*** Records for this exercise Section Begins ***

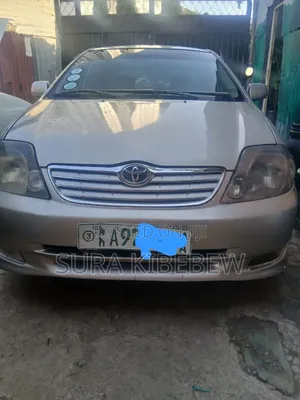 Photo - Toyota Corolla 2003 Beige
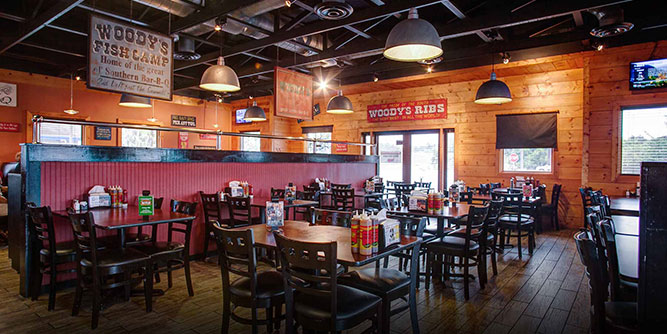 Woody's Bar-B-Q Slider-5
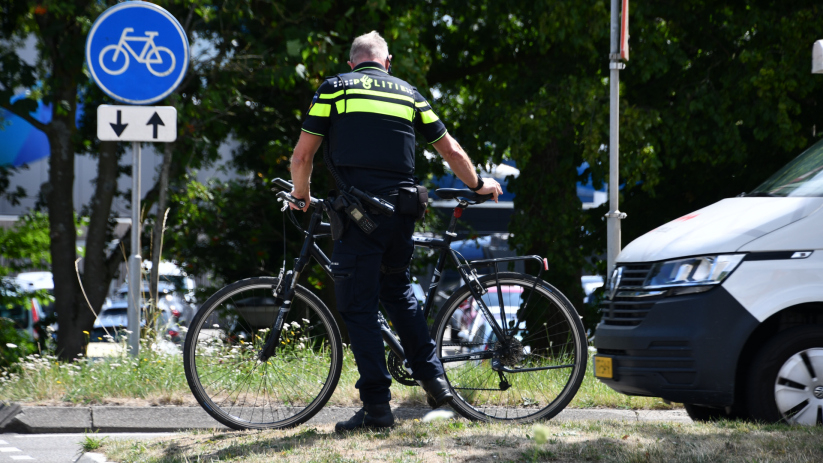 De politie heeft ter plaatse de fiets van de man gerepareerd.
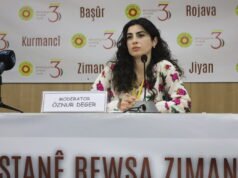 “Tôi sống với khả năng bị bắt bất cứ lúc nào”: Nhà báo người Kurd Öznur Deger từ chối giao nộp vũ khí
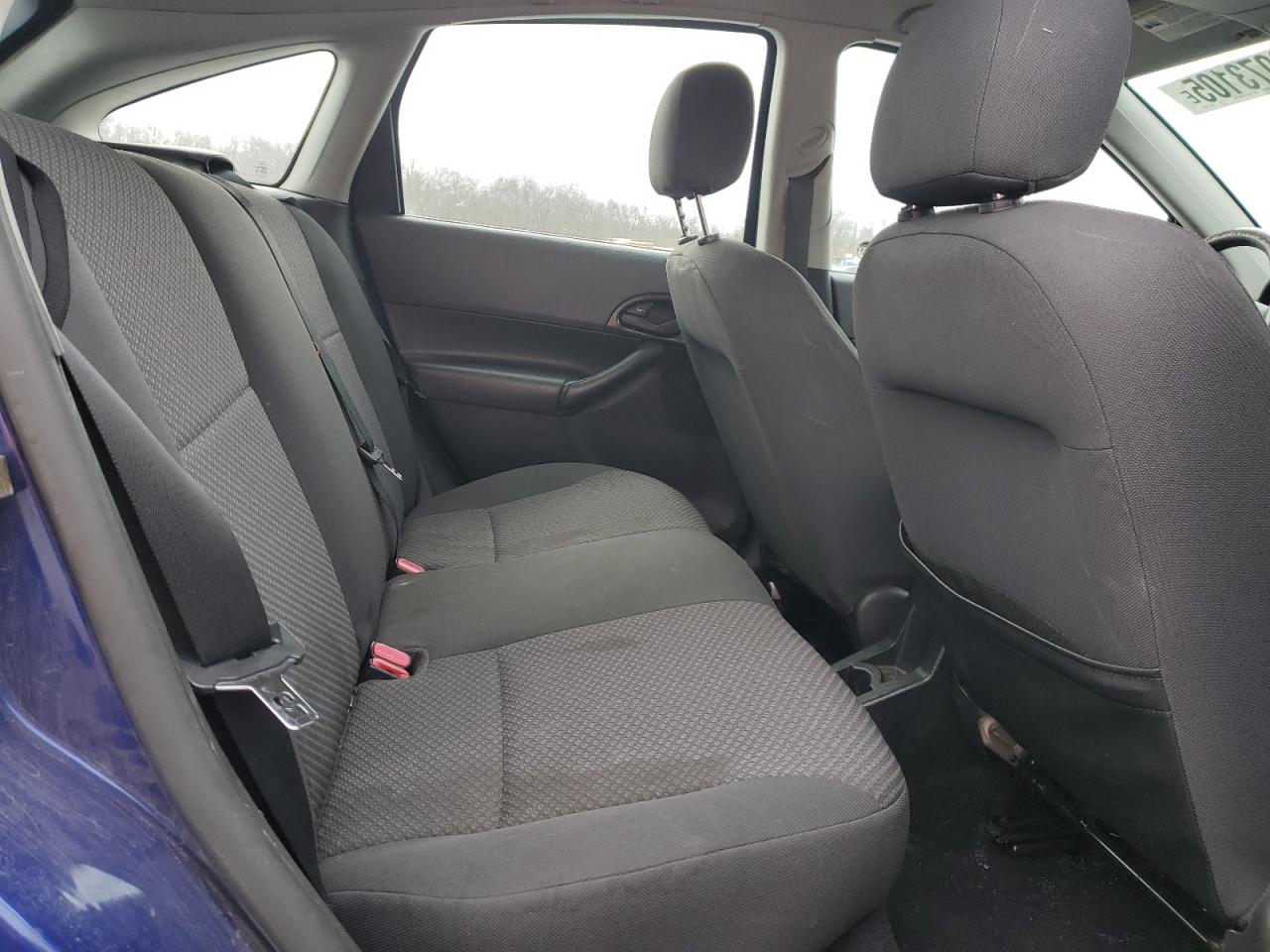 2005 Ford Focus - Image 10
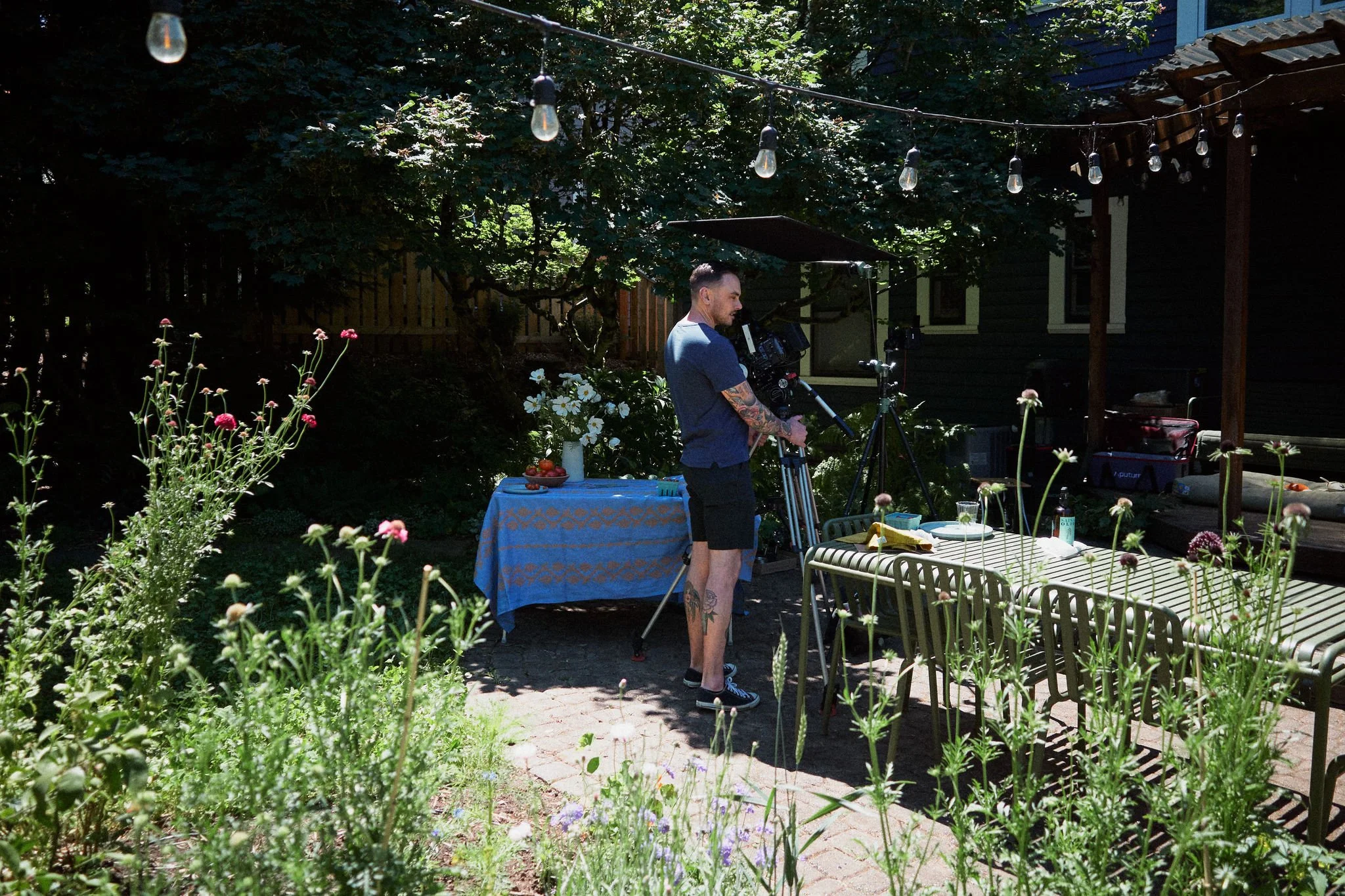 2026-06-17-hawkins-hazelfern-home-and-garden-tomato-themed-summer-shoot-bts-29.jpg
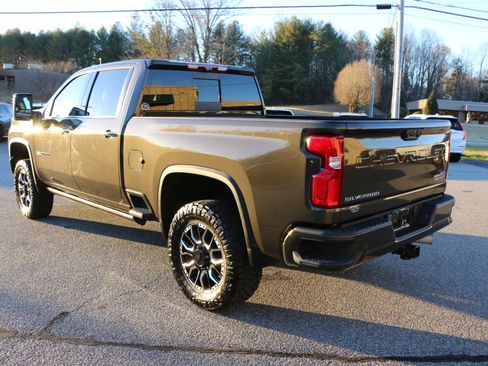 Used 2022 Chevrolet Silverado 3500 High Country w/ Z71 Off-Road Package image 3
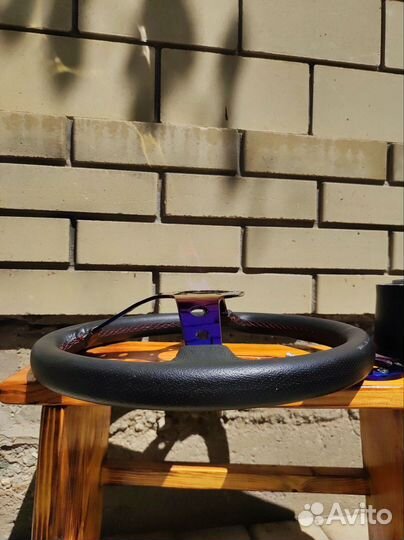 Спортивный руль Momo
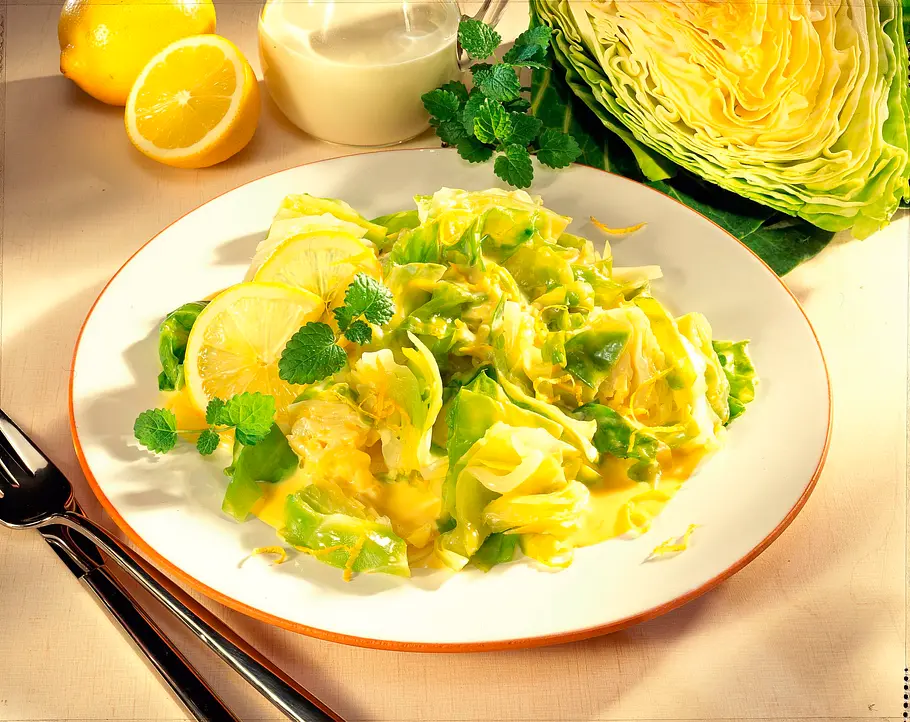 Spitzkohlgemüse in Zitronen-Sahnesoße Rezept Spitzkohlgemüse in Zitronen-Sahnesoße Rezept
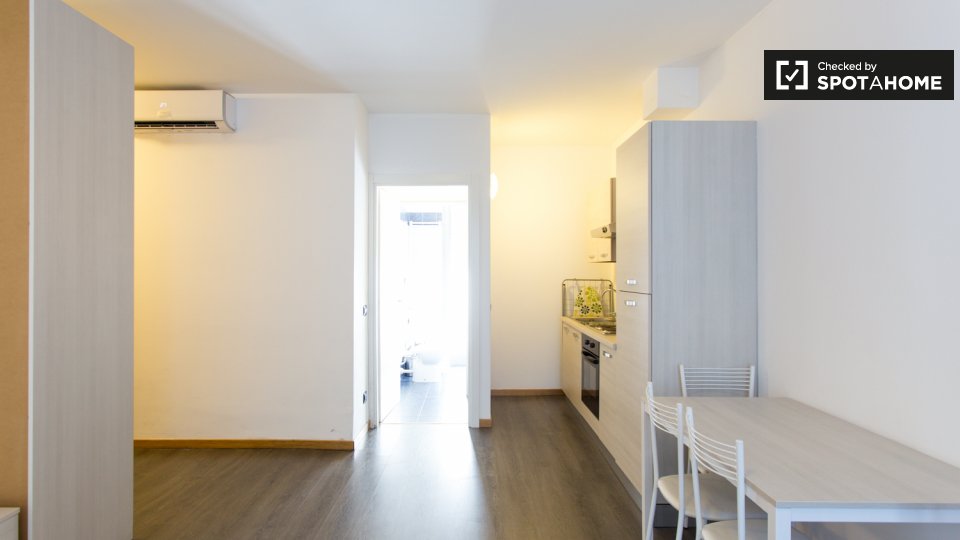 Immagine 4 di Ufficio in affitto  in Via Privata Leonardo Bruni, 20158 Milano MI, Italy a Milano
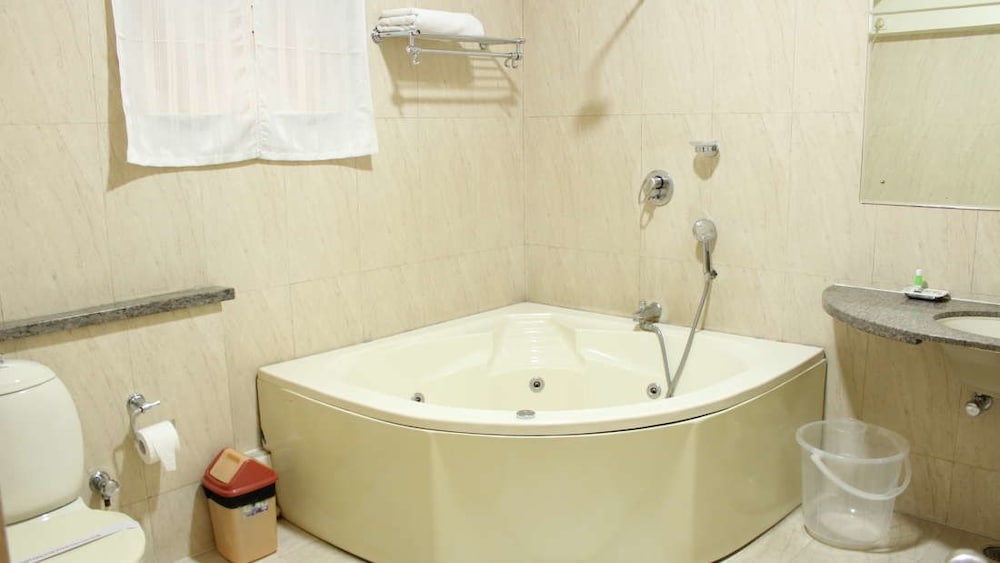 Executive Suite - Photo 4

*** Records for this exercise Section Ends ***

What needs to be done: Word for word, restate all of the material, omitting the images.

Answer section:
 Photo - Toyota Corolla 2003 Beige
 Woody's Bar-B-Q Slider-5
 De politie heeft ter plaatse de fiets van de man gerepareerd.
 “Tôi sống với khả năng bị bắt bất cứ lúc nào”: Nhà báo người Kurd Öznur Deger từ chối giao nộp vũ khí
 2005 Ford Focus - Image 10
 2026-06-17-hawkins-hazelfern-home-and-garden-tomato-themed-summer-shoot-bts-29.jpg
 Used 2022 Chevrolet Silverado 3500 High Country w/ Z71 Off-Road Package image 3
 Спортивный руль Momo
 Spitzkohlgemüse in Zitronen-Sahnesoße Rezept Spitzkohlgemüse in Zitronen-Sahnesoße Rezept
 Immagine 4 di Ufficio in affitto  in Via Privata Leonardo Bruni, 20158 Milano MI, Italy a Milano
 Executive Suite - Photo 4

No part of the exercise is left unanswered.